Will yields rise?

Yields fell markedly last year. Long-term interest rates are now rising fast, and the question many are asking is how that will affect yields.

Published 15.03.2021 18:05

Last changed 15.03.2021 18:19

The 10-year swap rate is currently 1.86 per cent, after rising by 123 basic points (bps) from the low point last May. Half the increase has occurred in recent weeks. In practice, long-term rates are determined by developments in the major global economies, and they have risen in both euros and particularly in US dollars over the past few months.

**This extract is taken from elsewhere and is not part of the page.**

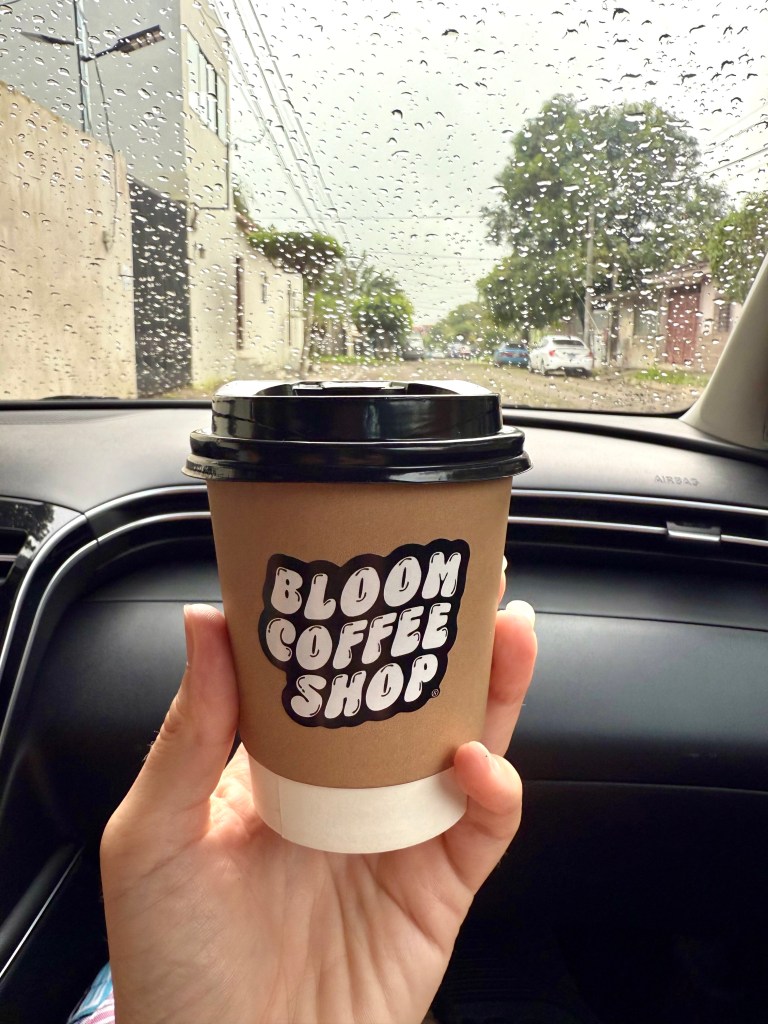 Woman holding a latte in a cup reading bloom coffee shop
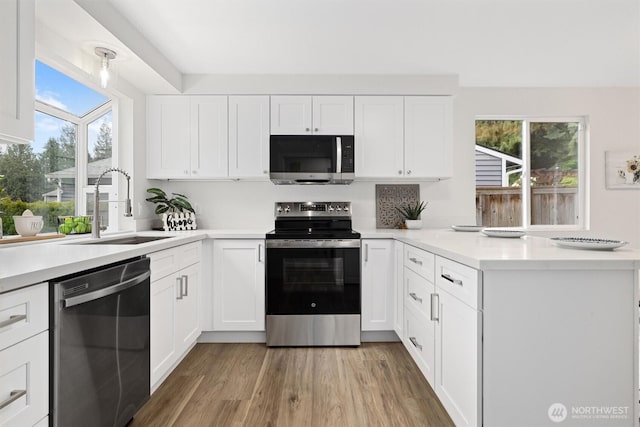kitchen with a peninsula, light countertops, white cabinets, a sink, and appliances with stainless steel finishes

Norwegian and US 10-year swap rates

That development must be seen in light of the expansive financial policies being pursued to repair the economic damage caused by Covid-19. Big support packages have been adopted. “Helicopter cash” has become a reality, and the money supply has expanded drastically. That in turn has helped to enhance fears of a high level of inflation, which are increasingly being priced into interest rates.

Average expected US inflation rate for the next five years

We are not normally fearful of inflation in the property market, because most leases have protections against it. If the level of interest rates in Norway is pulled up by rising inflation and rates elsewhere in the world, however, the real interest rate will in practice rise here.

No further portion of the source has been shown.